Extracted records

____

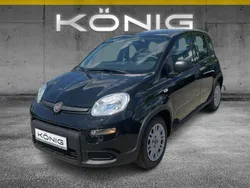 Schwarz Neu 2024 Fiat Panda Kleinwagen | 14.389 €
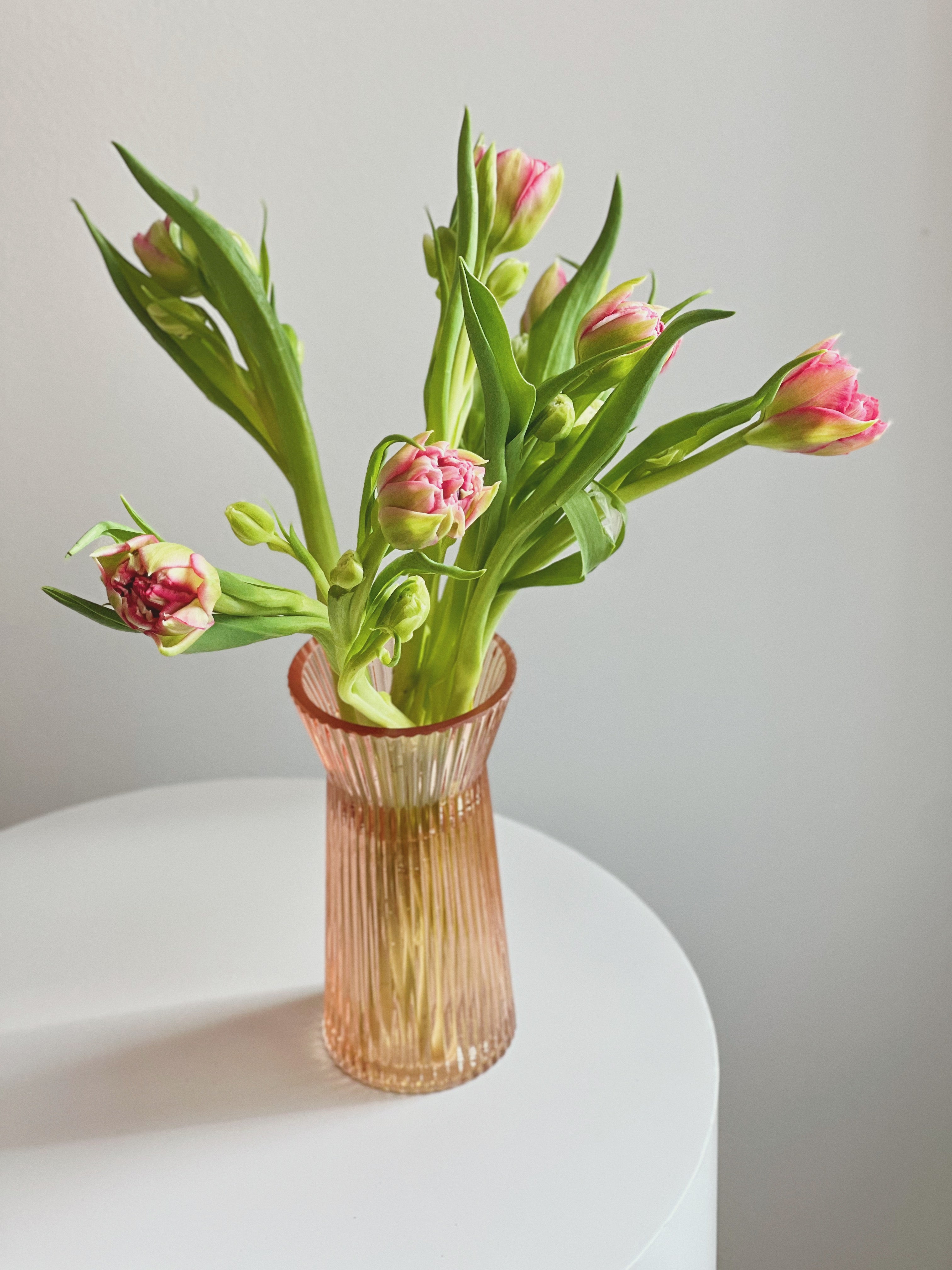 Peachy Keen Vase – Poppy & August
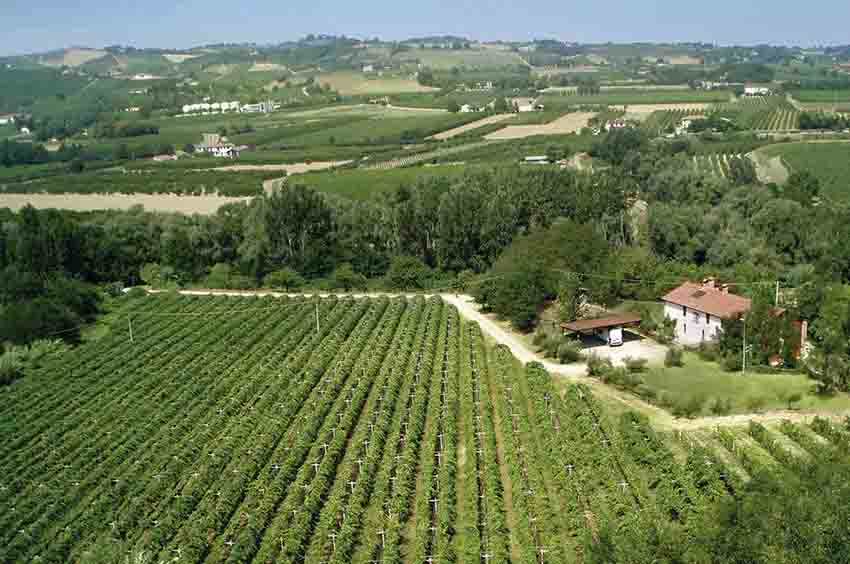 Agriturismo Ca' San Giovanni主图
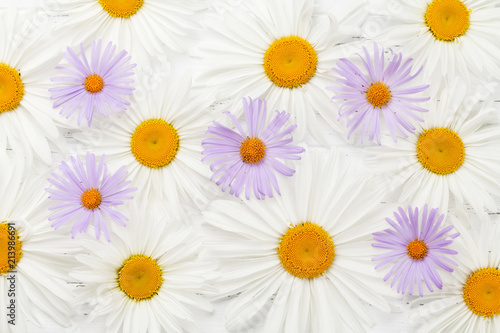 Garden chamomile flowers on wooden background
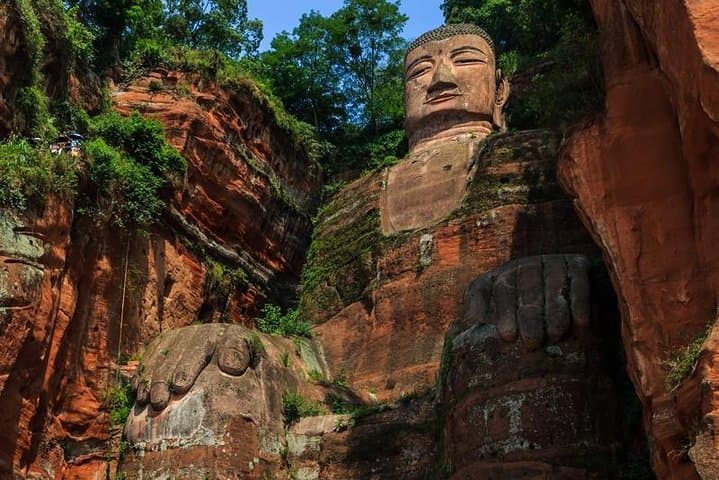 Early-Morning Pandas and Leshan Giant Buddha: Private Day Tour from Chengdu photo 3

____

* Task requirements *
Copy every record above exactly as written, but leave out the pictures.

* Exercise solution *
 Schwarz Neu 2024 Fiat Panda Kleinwagen | 14.389 €
 Peachy Keen Vase – Poppy & August
 Agriturismo Ca' San Giovanni主图
 Garden chamomile flowers on wooden background
 Early-Morning Pandas and Leshan Giant Buddha: Private Day Tour from Chengdu photo 3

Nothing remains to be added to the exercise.